(Source records)
>>

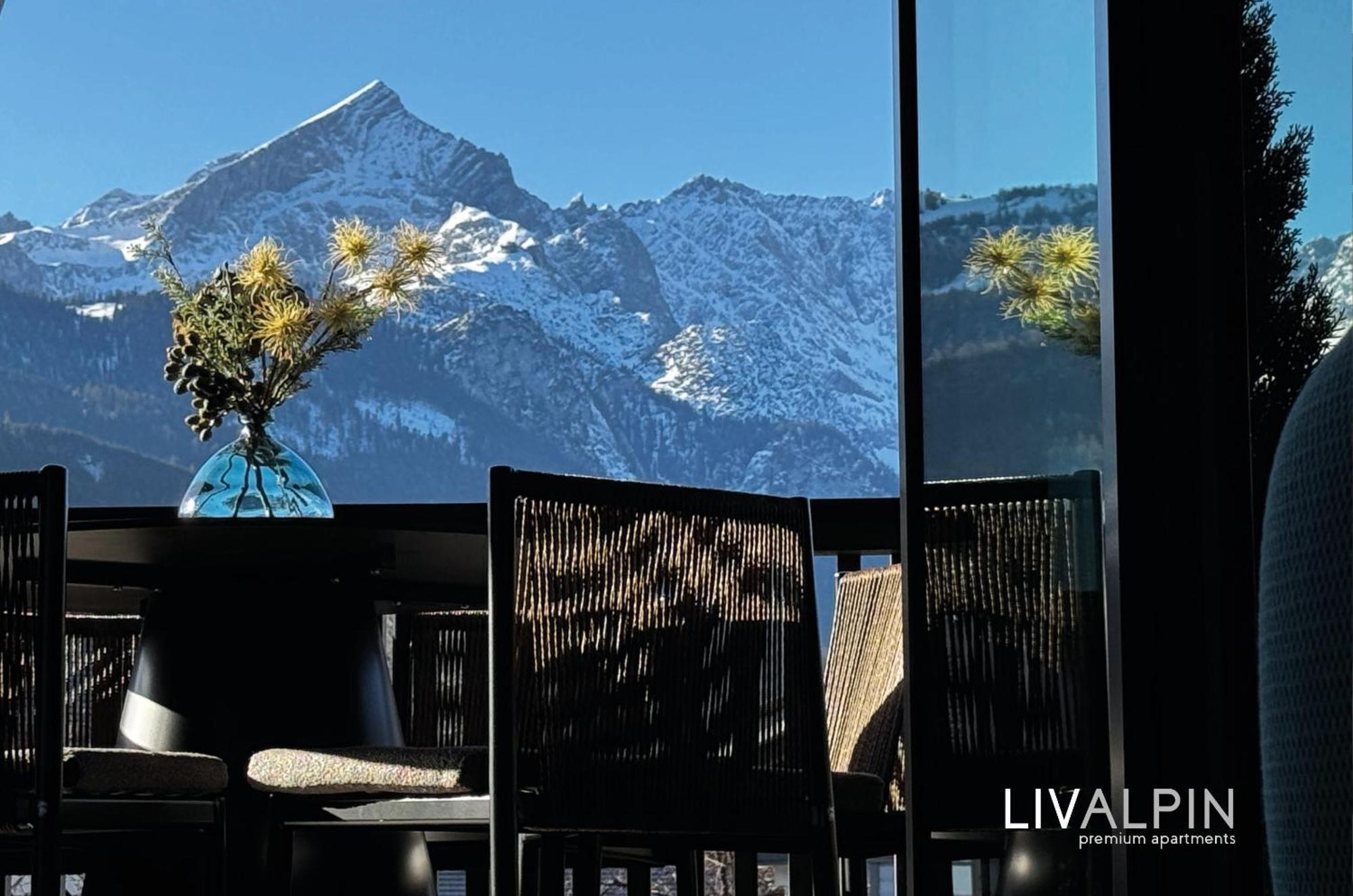Livalpin Chalet 加爾米施-帕滕基興 外观 照片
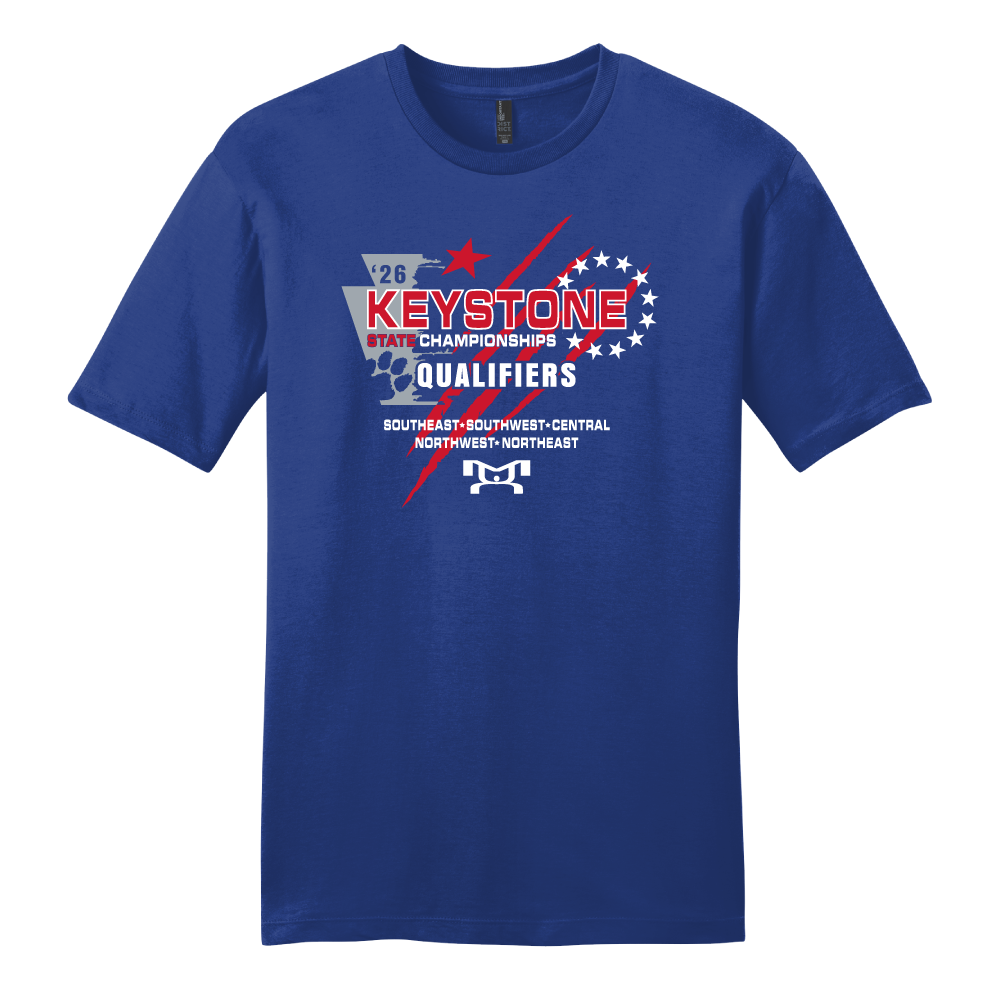 Keystone Qualifiers 2026 Heat Press Decal T-Shirt - Image 3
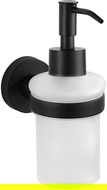 Mexen Remo dispensador de jabón, negro - 70507388-70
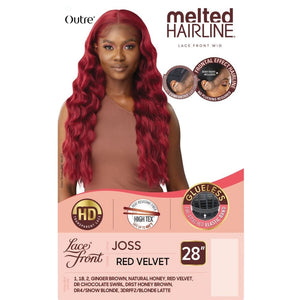 Outre Melted Hairline Lace Front Wig - Joss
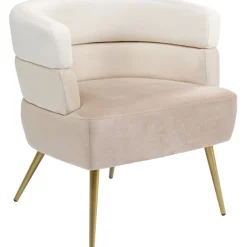 Fauteuil Sandwich crème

<<

**Exercise instructions**
The copy should start at the line that contains "Keystone Qualifiers 2026", end at the last line of the entries above, and match each line exactly, with pictures dropped.

**Task result**
 Keystone Qualifiers 2026 Heat Press Decal T-Shirt - Image 3
 Mexen Remo dispensador de jabón, negro - 70507388-70
 Outre Melted Hairline Lace Front Wig - Joss
 Fauteuil Sandwich crème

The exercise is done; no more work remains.